2. The method according to claim 1 , wherein a distance difference between an acquisition position of the target image and an acquisition position of the reference image is less than a set distance threshold; or an angle difference between an acquisition angle of the target image and an acquisition angle of the reference image is less than a set angle threshold; or a distance difference between an acquisition position of the target image and an acquisition position of the reference image is less than a set distance threshold and an angle difference between an acquisition angle of the target image and an acquisition angle of the reference image is less than a set angle threshold.
3. The method according to claim 1 , wherein extracting the target building feature of the target image and the reference building feature of the reference image associated with the target image, respectively, comprises:
extracting a target basis feature of the target image and a reference basis feature of the reference image associated with the target image, respectively; and
performing, at each of at least two set scales, feature extraction on the target basis feature and the reference basis feature, respectively, to obtain a target building feature and a reference building feature at each of the at least two scales.
4. The method according to claim 3 , wherein determining, according to the target building feature and the reference building feature, the illegal building identification result of the target image comprises:
performing feature fusion on the target building feature and the reference building feature at each of the at least two scales; and
determining, according to feature fusion results at the at least two scales, the illegal building identification result of the target image.
5. The method according to claim 4 , wherein performing the feature fusion on the target building feature and the reference building feature at each of the at least two scales comprises:
calculating a difference between the target building feature and the reference building feature at each of the at least two scales, and taking the difference as a feature fusion result at the each of the at least two scales.

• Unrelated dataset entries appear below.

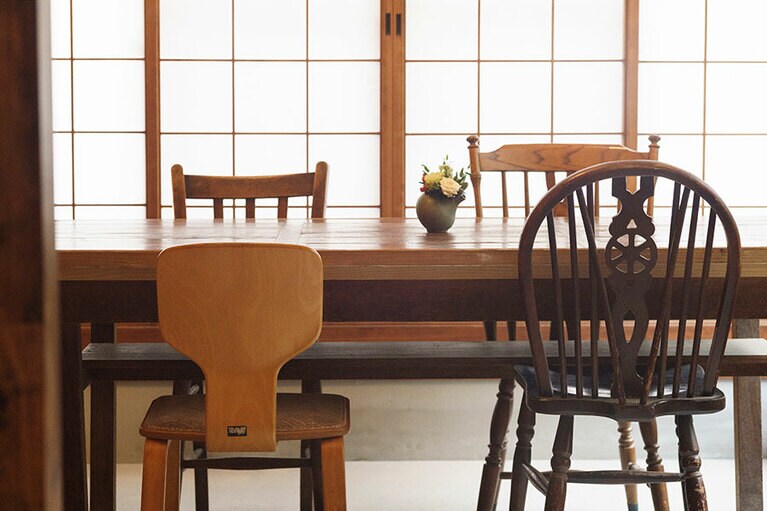 「茨城おとなのかき氷 四季と六花」のテーブル席。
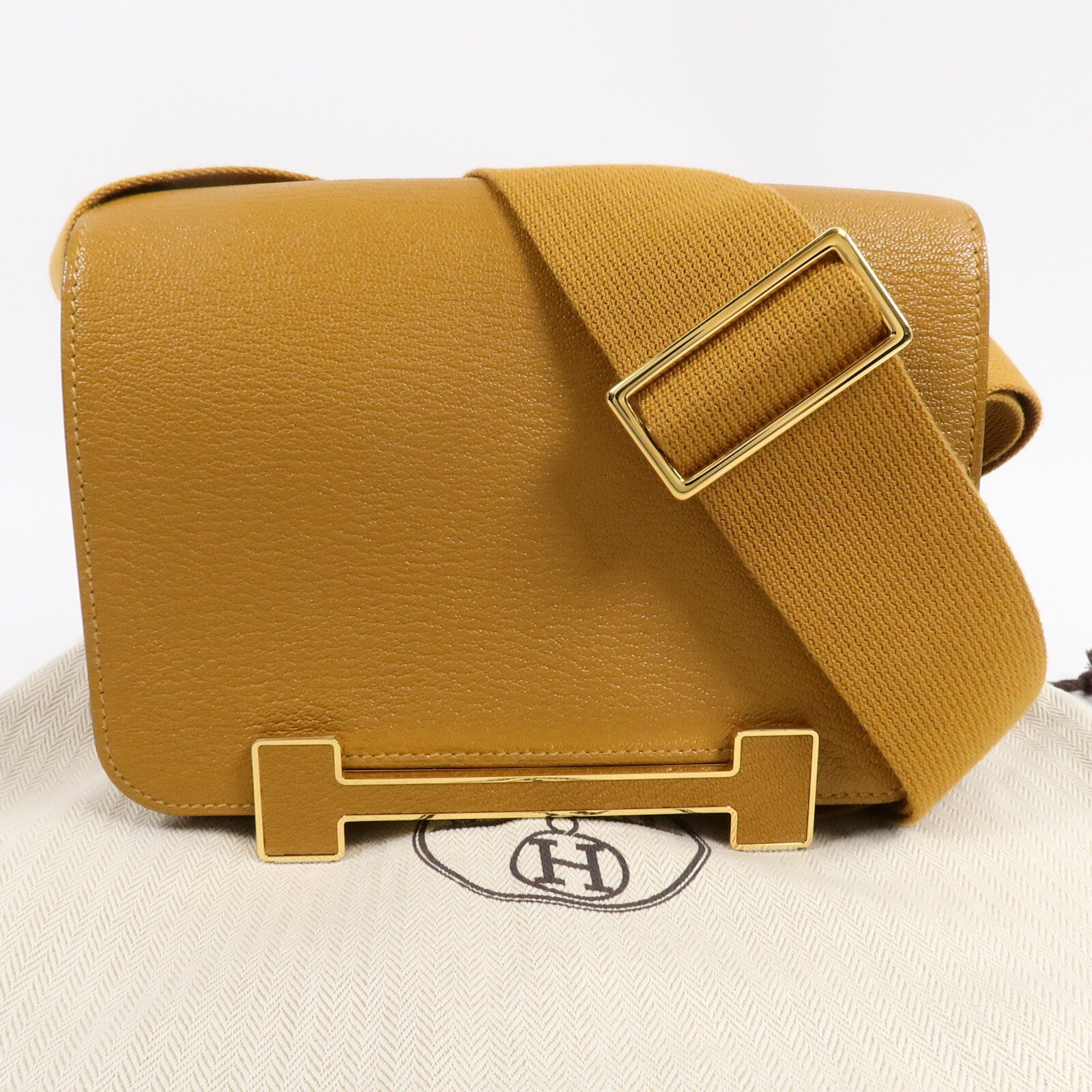 HERMES Chevre皮革Geta肩背袋Caramel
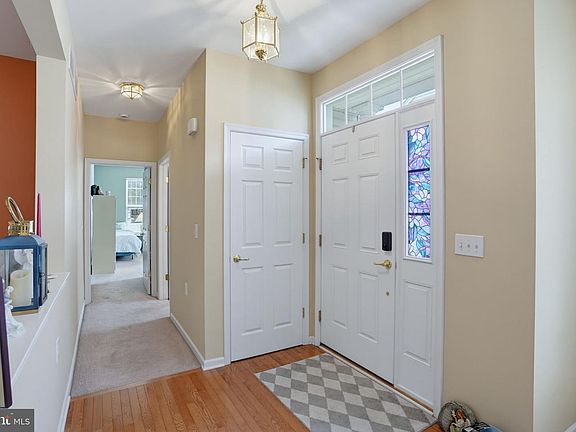 5th image of 264 Trellis Ln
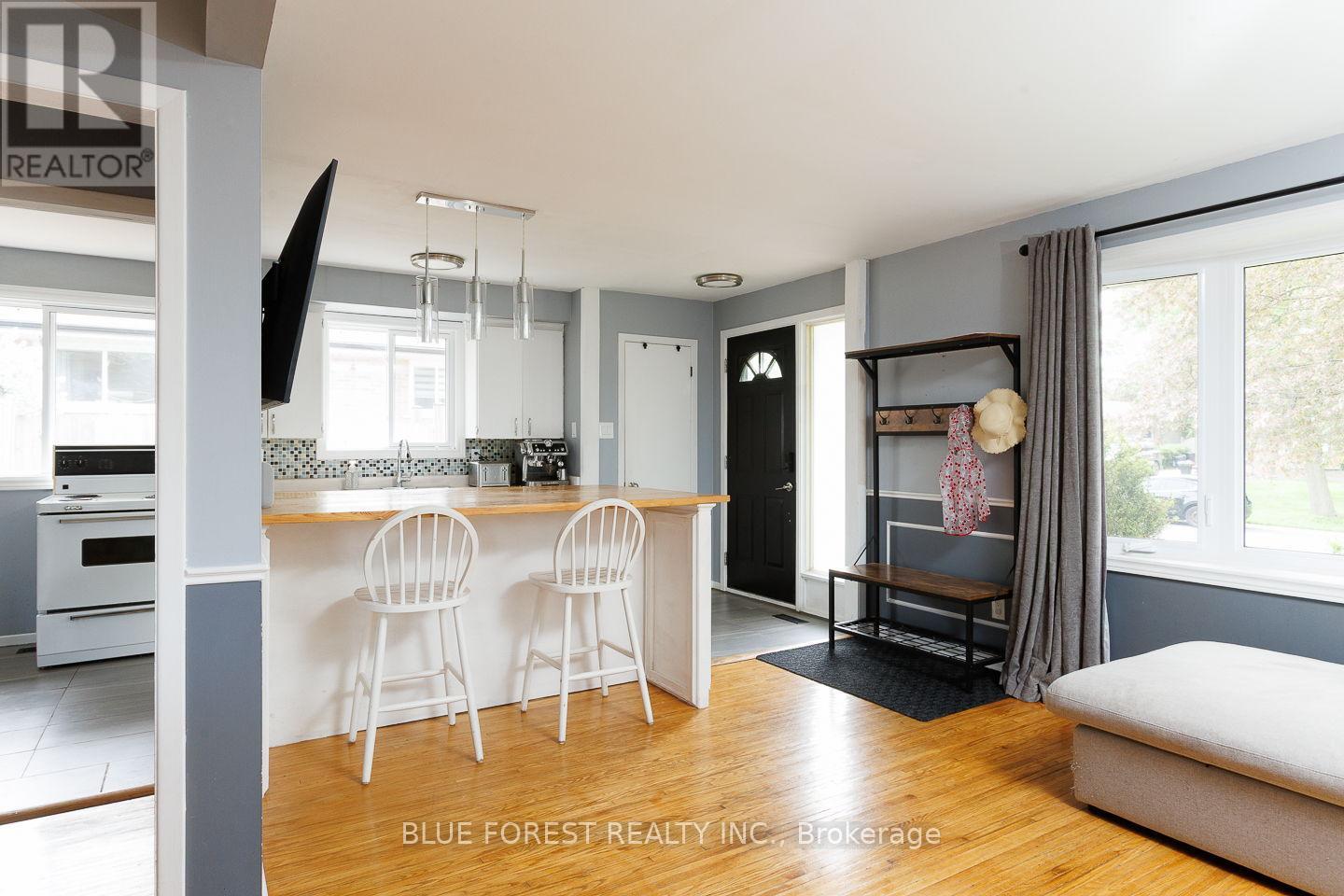 2 SURREY CRESCENT - 6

6. The method according to claim 3 , wherein extracting the target basis feature of the target image and the reference basis feature of the reference image associated with the target image, respectively, comprises:
extracting, based on a deep residual network, the target basis feature of the target image and the reference basis feature of the reference image associated with the target image, respectively.
7. The method according to claim 1 , before extracting the reference building feature of the reference image, further comprising:
performing coordinate transform on the reference image according to the target image;
wherein the coordinate transform comprises at least one of shrinking transform, stretching transform, rotation transform or translation transform.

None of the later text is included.